There is chatter in the Liberian diaspora communities that a Tiawon Gongloe-Samuel Kofi Woods ticket would serve as the most credible challenge to the ruling CDC coalition’s re-election chances. In contrast, others think a Boakai-Cummings ticket would be the best option. Still, some believe it is time for a business person to lead Liberia. This group seems to seriously consider William Tuider, Simeon Freeman, and Daniel Cassell.
With no clear and formidable opposition bloc, President Weah and his CDC coalition government have solid chances of winning re-election if some serious improvements are not only made in the security, economic, governance, development, transparency, and accountability sectors of the country but are also experienced by a cross-section of the Liberian population, especially in the areas of poverty reduction, employment opportunities, access to improved healthcare and power.
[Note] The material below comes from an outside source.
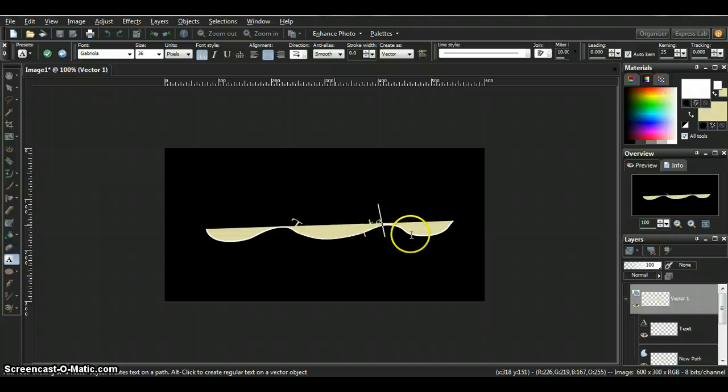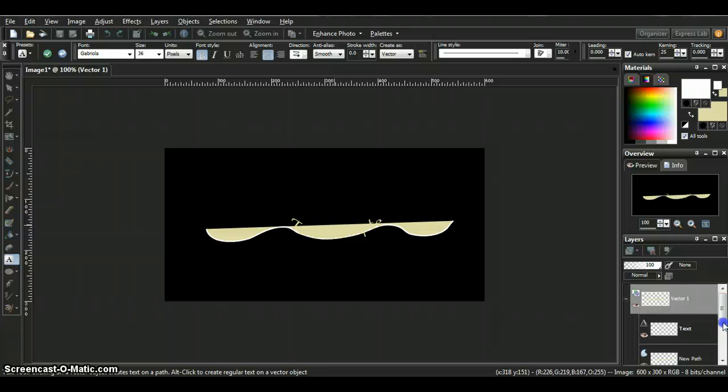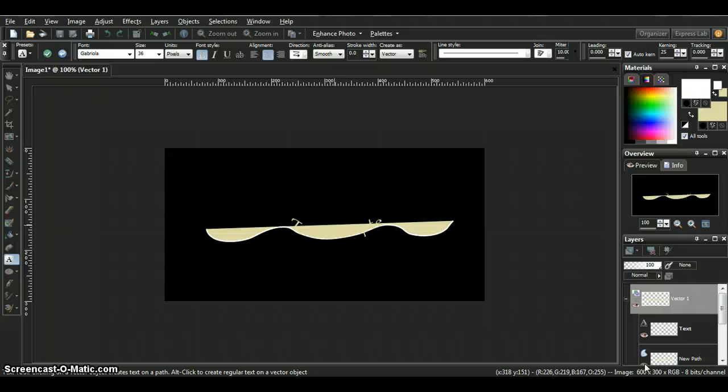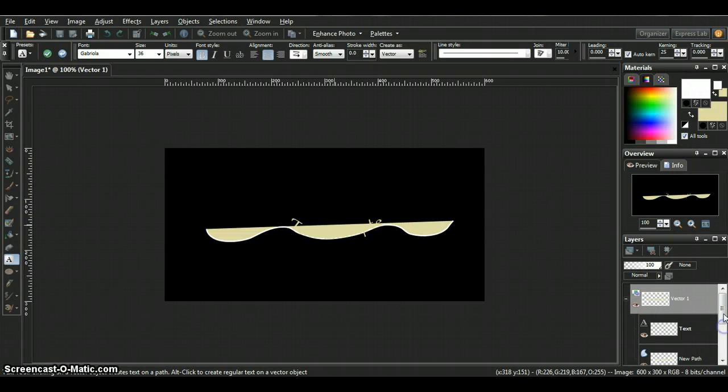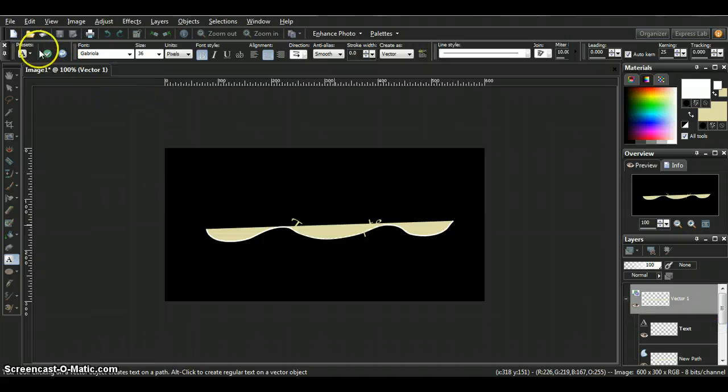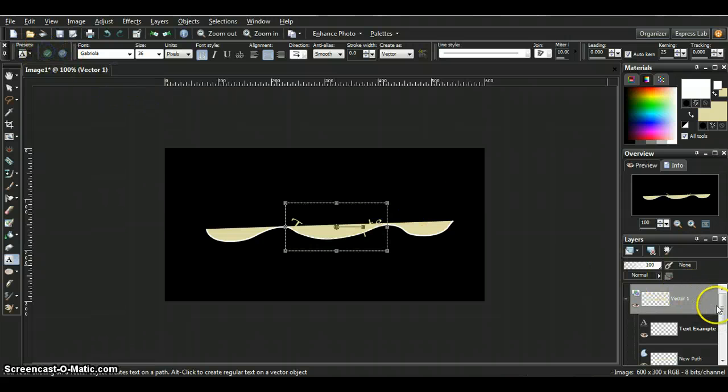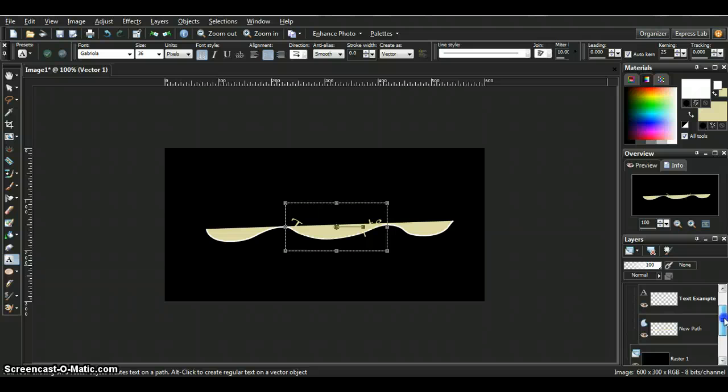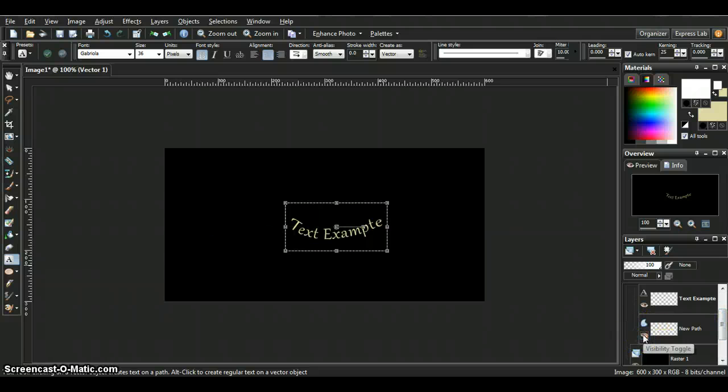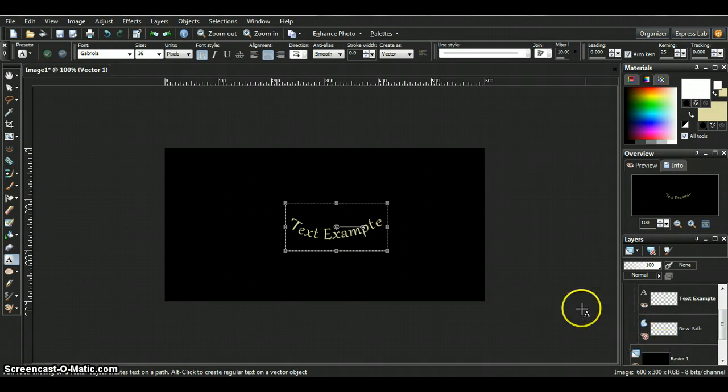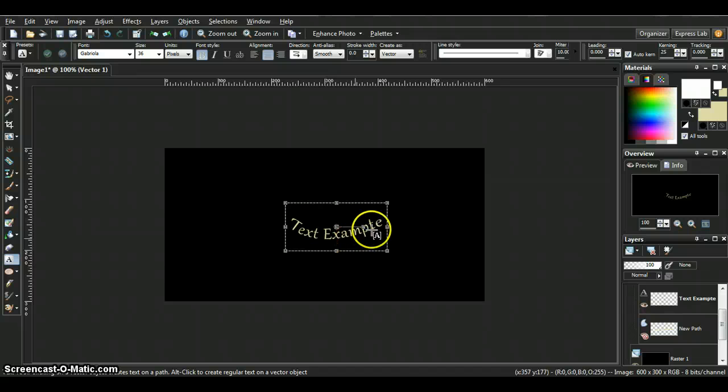And so if you notice you can't really see it because the line is in your way. You can fix that by going to your layer and closing the eye on the line right here where it says new path. See, once you do that, then you can see your text easier.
Although the international community and various development partners have been heavy-lifting, improvising, and offsetting many of the country’s economic failures in the past few years to provide legitimacy to the government, the problems facing Liberia are too vast.
They include an extreme proportion of poverty, crime and general insecurity, high private sector unemployment, poorly managed and weak healthcare system, high deficiency in attracting foreign investment, widespread skill gap, and systemic challenges in workforce performance. In addition, without much history of parliamentary incorruptibility and national political leadership, the road to national prosperity in Liberia, in the past decade, has traditionally focused on being on the receiving end of international assistance and guidance. These weaknesses are set to stay as long as the country’s political mechanism lacks maturity.